++++ Data provided ++++
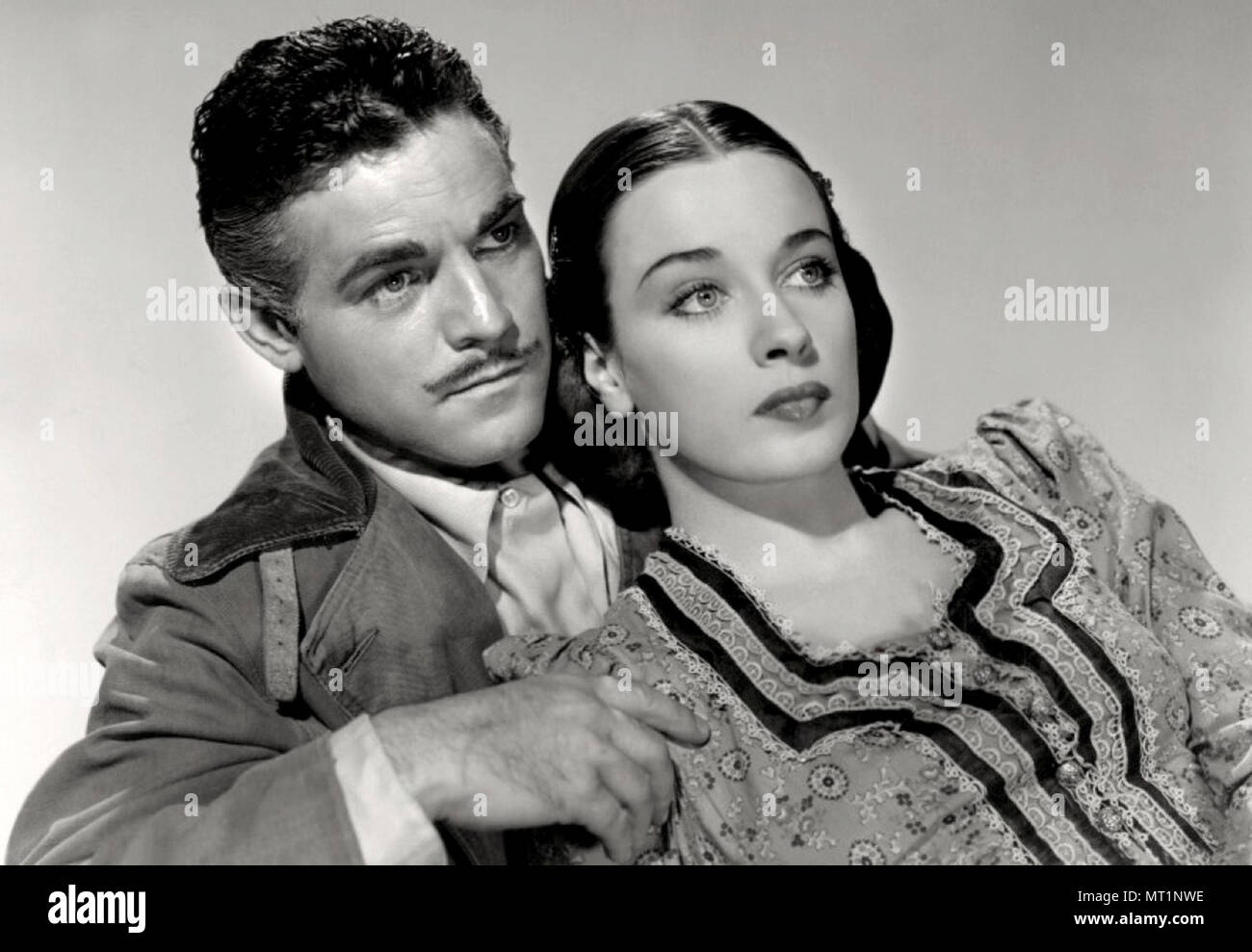 Alan Curtis und Patricia Morison in Hitlers Madman (1943) Stockfoto
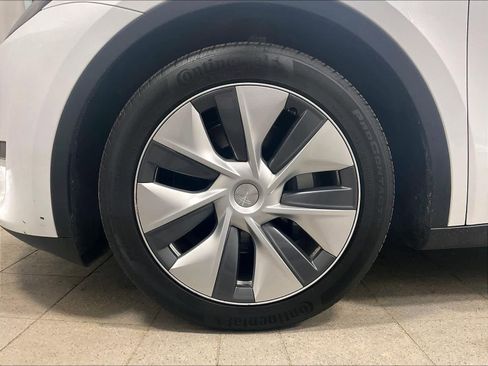 Used 2023 Tesla Model Y Long Range image 7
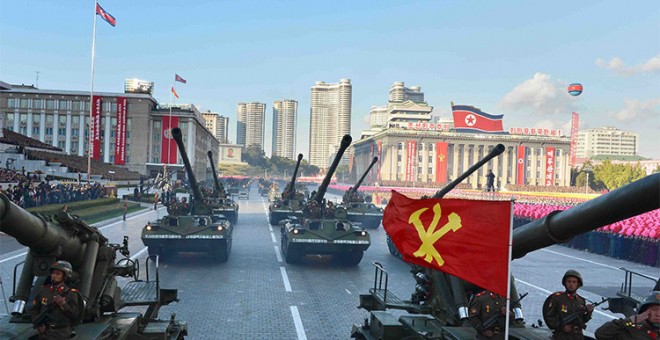 Militares de Corea del Norte en el desfile por el 70.º aniversario del Partido del Trabajo en Pyongyang / REUTERS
++++
Starting with the top line, write out all the data above exactly; keep the pictures out.

 Alan Curtis und Patricia Morison in Hitlers Madman (1943) Stockfoto
 Used 2023 Tesla Model Y Long Range image 7
 Militares de Corea del Norte en el desfile por el 70.º aniversario del Partido del Trabajo en Pyongyang / REUTERS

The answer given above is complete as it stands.